The tai chi forms themselves, practiced slowly, are a type of chi kung. And there are many set qi gong forms that one can learn. One of the basic and nicest sets is the Eight Pieces of Brocade(You can see this on my YouTube channel for free–just click on the linkup top for my youtube channel). Other sets I have practiced are the Tai Chi Breathing exercises I learned rom Master Leungh Shum, Wuji qi gong, and the chan ssu chin silk reeling exercises. All are designed to open the joints and promote the cultivation of and free flow of chi.
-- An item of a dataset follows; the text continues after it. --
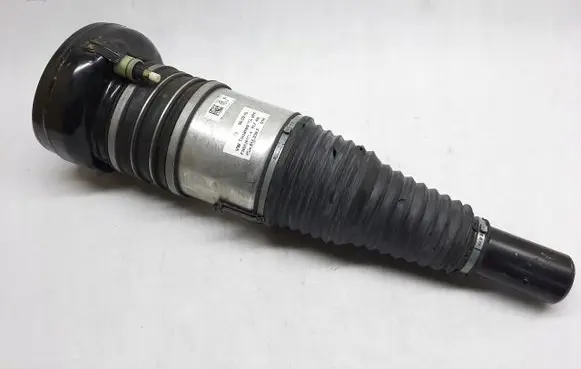 Volkswagen Touareg III Air suspension rear shock absorber 4M4616039F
In taoist meditation, while there are several different ways to meditate, the primary focus of taoist meditation is on the dan tien, or energy center located in the center of the body a bit below the navel. One imagines the jing simmering, then steaming, the steam rising up the back channel, condensing at the palate, and circulating back down the front channel back to the dan tien.

There are also two important visiualizations. The microcosmic orbit described above, and the macrocosmic orbit, visualizing chi moving through the entire body(chi knows its own path but you can visualize the paths). Dan tien rotation is good practice also to cultivate chi. Imagine an orb in the dan tien rotating vertically, back down front and up again in a circular motion. Sideways rotation is also good, as if you are using a hula hoop.

Once you are familiar with traditional forms, I encourage you to be spontaneous and creative. Start in a posture like horse stance and raise your palms. Feel for the energy, then allow yourself to be moved as opposed to moving. Do you discern the difference? Keep trying. It’s fun and good.

Finally, it is important to note that in taoist and tai chi practice, the player can take in universal chi and earth chi. These sources of chi are infinite. Simplest(but not so easy) way to do it is in standing meditation, seated in your stance, arms in front of your body very rounded, and palms, instead of each pointing to the crows nest(divot below your collar bone), slightly pointed up for universal chi, or down for earth chi. It is amazing what a difference just a subtly change makes.



  1. Qigong is a practice of aligning breath, movement, and awareness for exercise, healing, and meditation.